In some implementations, for each pair of tilt and tilt azimuth values provided by the user through the two interactive sliders, the hydrodynamic traps identified in the transformed depth structure map generated by the pair of tilt and tilt azimuth values and the depth structure map can be added to the depth structure map. An example of adding identified hydrodynamic traps to the depth structure map is illustrated in FIG. 3D, where the existing field extent illustrated in the depth structure map in FIG. 3A (the polygon) can be compared to identified hydrodynamic traps, for example, the spot for new well option in FIG. 3D.


In some implementations, additional transformed depth structure maps can be generated rapidly using additional pairs of tilt and tilt azimuth values provided by the user through the interactive sliders, with each additional transformed depth structure map having identified hydrodynamic traps that are added to the depth structure map. If there are one or more hydrodynamic traps identified in all transformed depth structure maps, a hydrodynamic structure can be determined by adding the one or more identified hydrodynamic traps to the depth structure map.

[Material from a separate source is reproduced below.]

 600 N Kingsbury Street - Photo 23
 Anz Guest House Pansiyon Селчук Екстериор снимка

At 204, it is determined whether one or more hydrodynamic traps are identified in all transformed depth structure maps generated in step 202, and if one or more hydrodynamic traps are identified in all transformed depth structure maps generated in step 202, it is determined that a hydrodynamic structure for drilling exists. This hydrodynamic structure is formed by adding the one or more identified hydrodynamic traps to the depth structure map. If no hydrodynamic trap exists in all transformed depth structure maps generated in step 202, it is determined that no hydrodynamic structure for drilling exists.

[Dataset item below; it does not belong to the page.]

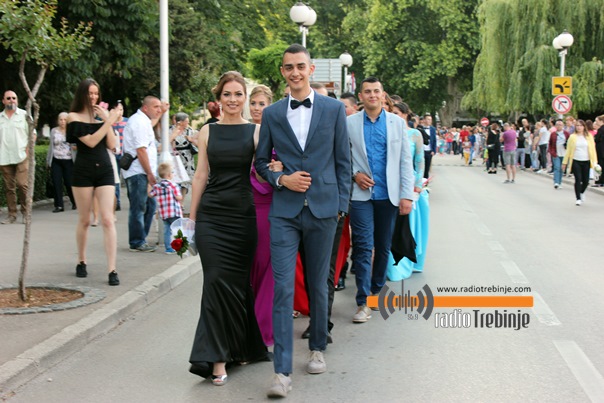 Матуранти Центра средњих школа у свечаном дефилеу (ФОТО)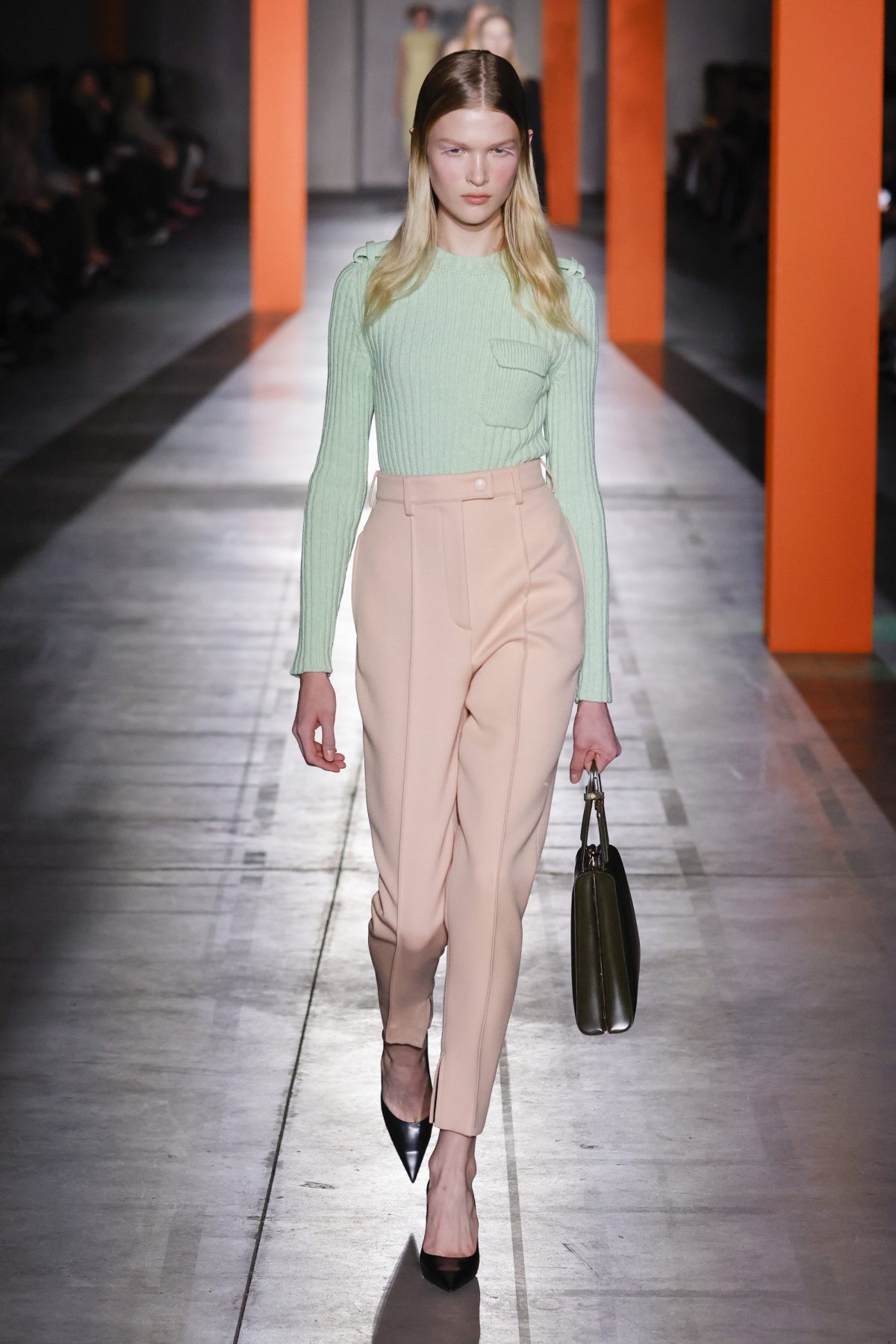 Galleria foto 'Milano Moda Donna: «Back to Basics» la poesia visionaria di Prada' - foto 7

At 206, if it is determined that no hydrodynamic structure for drilling exists, the process for determining potential well locations stops.


At 208, if it is determined that a hydrodynamic structure for drilling exists, as described in step 204, the one or more hydrodynamic traps that are identified in all transformed depth structure maps generated in step 202 can be determined to be potential well locations.

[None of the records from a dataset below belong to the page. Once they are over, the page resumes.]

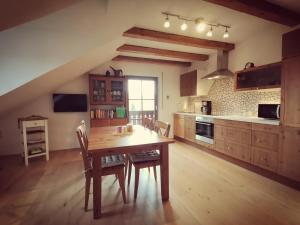 Kuchyň nebo kuchyňský kout v ubytování Ferienwohnung Reinbrechthof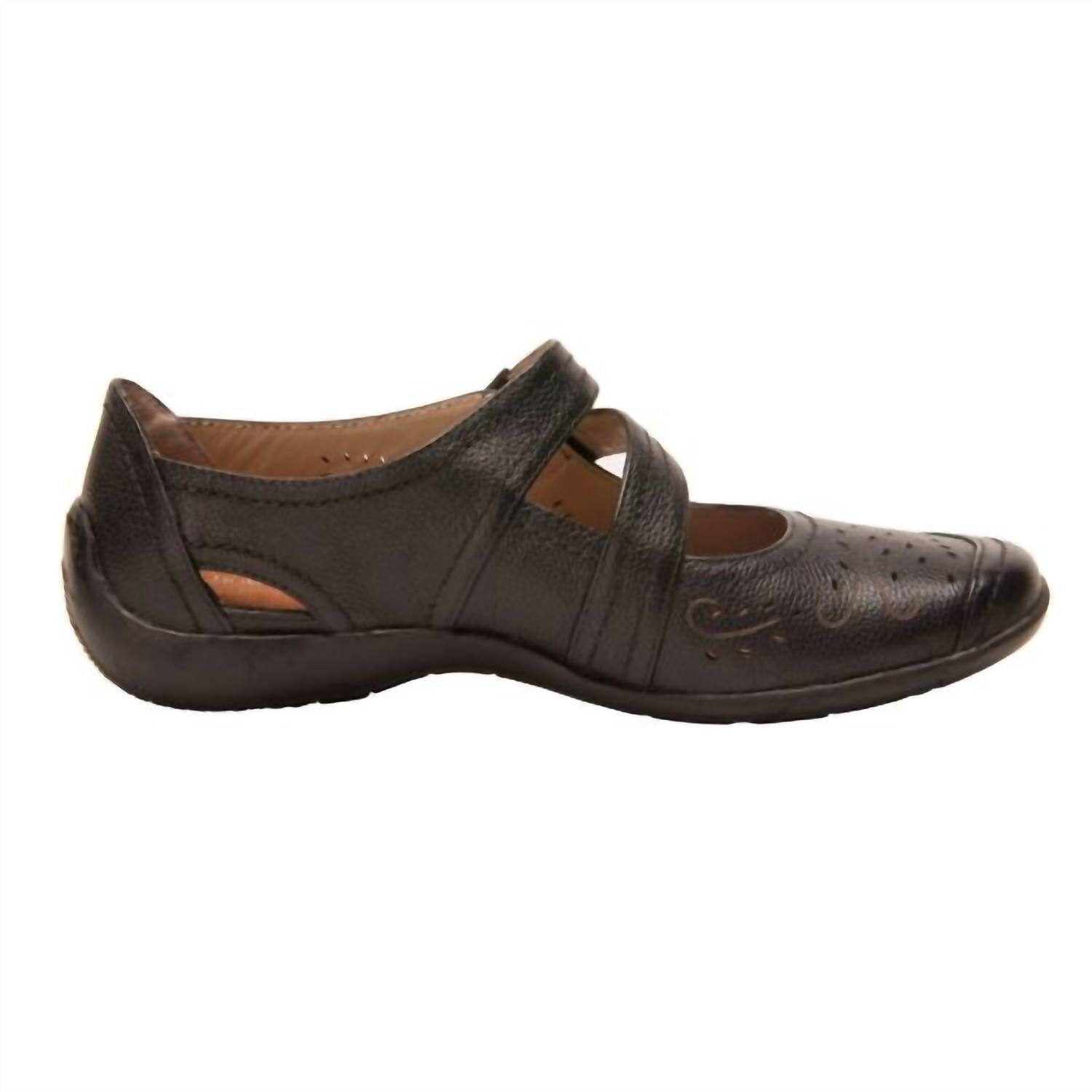 Women's Chelsea Comfort Shoes In Black
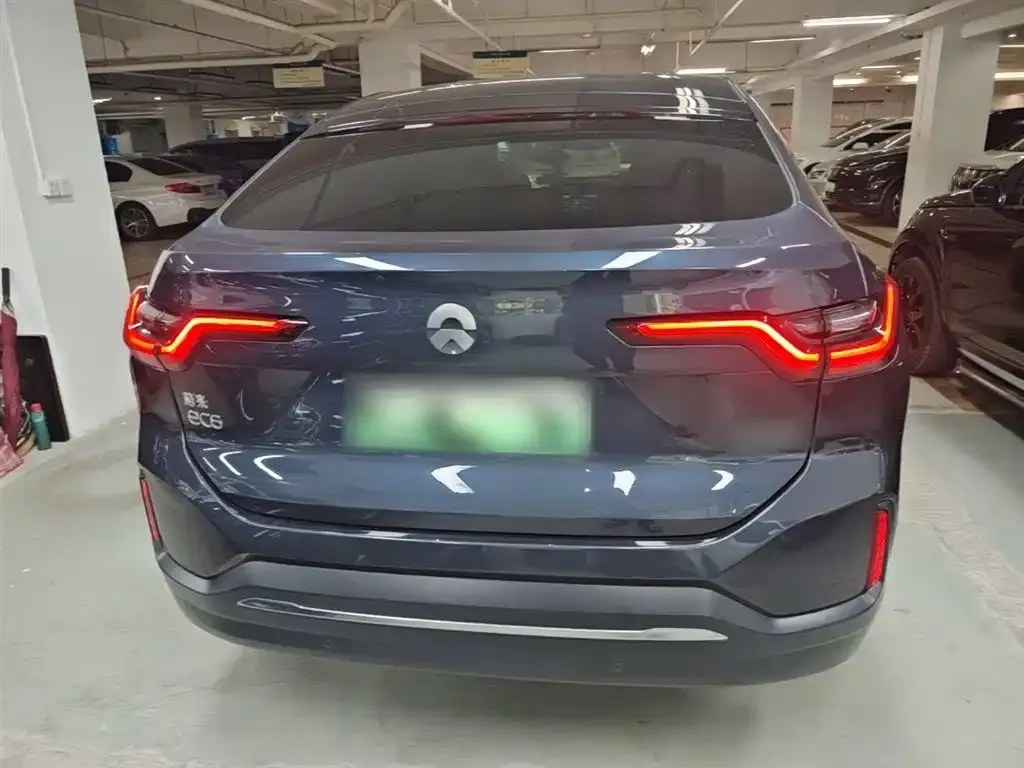 NIO EC6 — фото 10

FIG. 5 illustrates an example method 500 for rapidly identifying hydrodynamic traps in hydrocarbon reservoirs. For convenience, the method 500 will be described as being performed by a system of one or more computers, located in one or more locations, and programmed appropriately in accordance with this specification.


At 502, a computer system receives a depth structure map of a geological structure associated with a subsurface reservoir.


At 504, the computer system receives multiple pairs of tilt value and tilt azimuth value associated with a fluid contact of the subsurface reservoir.


At 506, the computer system determines, for each pair of tilt value and tilt azimuth value and based at least on the depth structure map, a respective set of hydrodynamic traps associated with the subsurface reservoir.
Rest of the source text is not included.